Six months later, the centre is expanding rapidly, both in terms of numbers and technology usage, as demand for innovative, skilled work continued to increase in markets across the world. It has since already started servicing TransUnion’s business and customers in the United States and Canada, providing a range of support services in both French and English.

This is a clear indication of the growing confidence that big business has in the GCC industry, and the talent that is available in offshore destinations like Africa and India. Two decades ago, many enterprises were wary of outsourcing support functions, jobs and operations to foreign countries. Today, they recognise the skills and value that these destinations and operations bring to the table, and it’s been transformational for the industry.

South Africa and the continent’s value proposition as an offshore location in the global outsourcing market is significant, to say the least. We have a skilled English speaking workforce, a sizeable regional market opportunity, significant cost savings, sophisticated infrastructure and enabling environment, strong ICT and digital capabilities and a strong foundation in contact centres and niche domain areas.
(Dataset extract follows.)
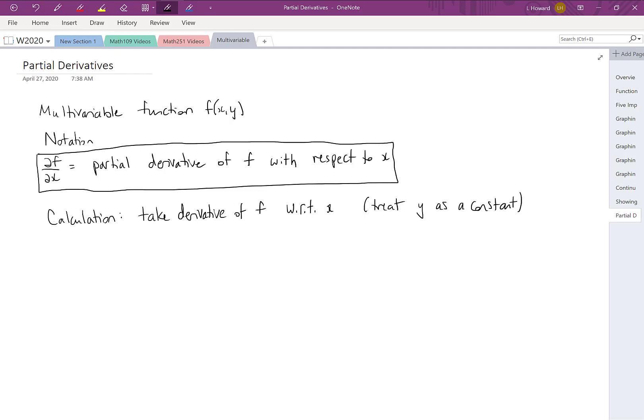In this video we're going to take a look at partial derivatives. Let's start off by imagining that we've got a multivariable function f of x, y. We're first going to talk about some notation for partial derivatives.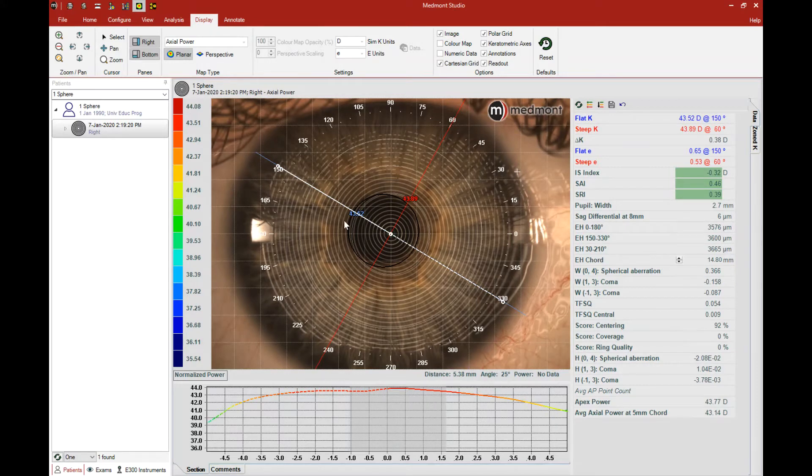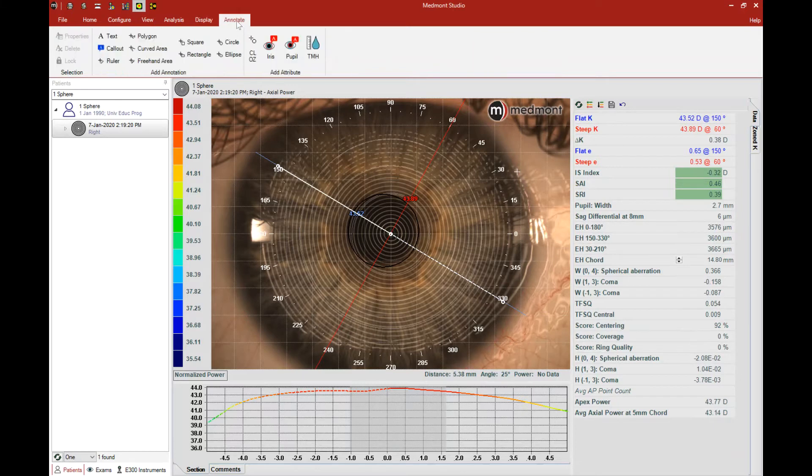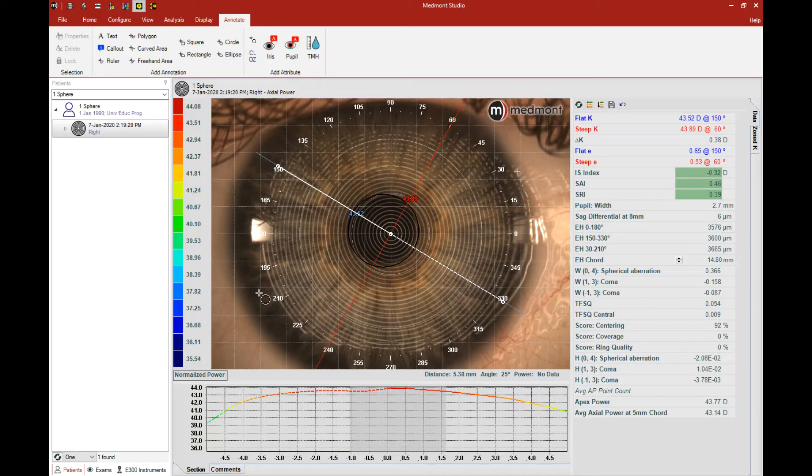The next step is to click on Annotate and then select the Iris Definition tool. That brings up a cross with a circle. Place the cross on the border of the visible iris diameter.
As a result, we’re seeing the landscape change rapidly. The industry is not only bringing in new technologies like artificial intelligence, machine learning and predictive analytics, but it is also upskilling its workforce to be able to deliver more strategic services to businesses that are hungry for skills and an always-on business model.

A 2019 McKinsey study showed that many employees lack the necessary skills that will be required in the workplace by 2030. Businesses, and their people, simply don’t have the skills needed to handle the rapidly accelerating transition to a digital economy – so they’re increasingly looking outside the business for them.

The next step is for enterprises to start looking to their GCC service providers for actual business innovation. The critical element here is the ability to use data and data-driven insights to become a key driver of growth. When a GCC can provide actionable intelligence to its clients, it’s directly supporting business goals, like faster time-to-market and improved top-line growth, and delivering specific business outcomes.

As GCCs move up the value chain, and gain credibility with multinational businesses, they are providing an opportunity for tens of thousands of young people in South Africa and the continent to be upskilled and shine on a global stage. In South Africa alone, plans are afoot to help the sector achieve a target of 100,000 additional jobs by 2023 and 500,000 by 2030. The effects of this will be transformational for everyone.

For TransUnion, it’s a real step forward for our strategy of becoming one global organisation; a digital-first organisation that embraces the sharing economy, and promotes working from home as part of an inexorable shift towards a virtual working model. The opportunity is clear – and we’re ready to seize it.